Choosing fourteen different characters was an epic undertaking, but it works so seamlessly not only because each of them are interwoven in their friendships, but because it also advances the time of the novel. Each one references the friends and inner narrations we’ve come to love, but also as the time has progressed. And, y’all, some of these chapters made me tear up so have your tissues ready!
Chee creates stories from these new articles, giving them moments of heartbreak, watching their belongings that make up a life lying on the sidewalk for scavengers, and moments of joy and lightness. It’s a story about fourteen teens growing up in these camps of barbed wires. As they figure out how to filter their lives and histories into one suitcase. But it’s also about their feelings falling in love, watching the people they love leave us, and the moments their heartbreaks for the first time. The characters and their feelings leaving themselves raw and vulnerable on the pages before us.

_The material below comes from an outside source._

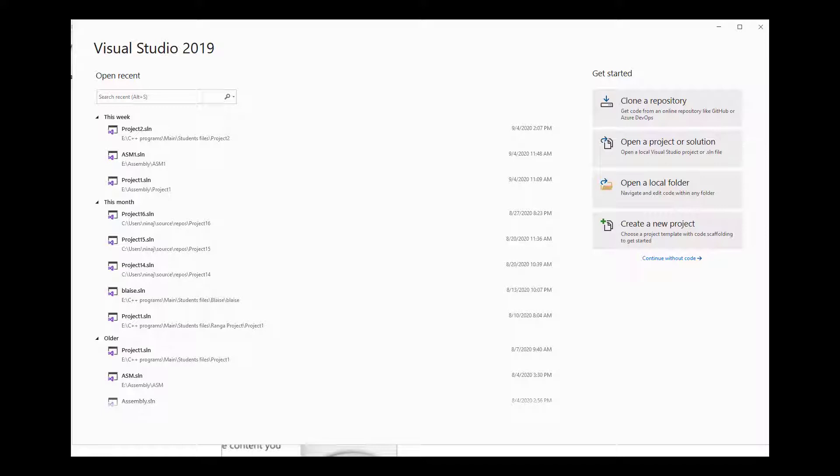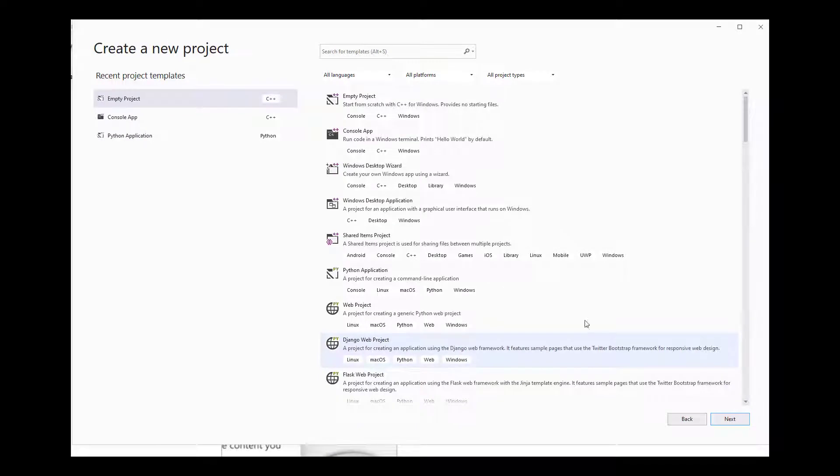C++ does not come with it, so you need to add it to your environment. One quick and easy way of doing that is I'm going to click on Create New Project. I already have C++ installed in here, but I'm going to show you where you can go to install it.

A huge theme, understandably so, is the way these characters, and people, are turned into ‘enemy aliens’. The ways it matters who defines us and the ripples it has in our lives. Not only the fear we have walking down the sidewalk, or going into a store, but for renting an apartment and going to college. It’s a story not only about their forced removal or the temporary detention centers, but about the ways their identity becomes split. Only being defined for what you can see and asking to separate our ties to our culture with the soil on which we’ve been born.
Where questions on pieces of paper are more than words, but traps made of ink. Where the answers of yes and no split families in the middle and place oceans between birthdays. Knowing that there are these images of you, overstated and grotesque, and they expect you to fall into these placeholders. That when you give into those feelings of rage, it merely confirms their beliefs all along. That your existence is already their sign of trouble.
We Are Not Free is a story about resilience. Survival full of complicated mistakes, struggles with anger and resentment at the sheer injustice, and knowing that when we give into that anger, they only win. The writing in We Are Not Free is glorious as Chee takes us on a journey of highs and lows, of sadness and rage, love and tenderness. We Are Not Free is a story we all have to read, not only to know more about the past, but to educate ourselves on the present. To realize that just when they were released from the detention centers did not mean the ends to their struggles. That struggles like that not only exist today, for others, but that echoes of the past still linger today.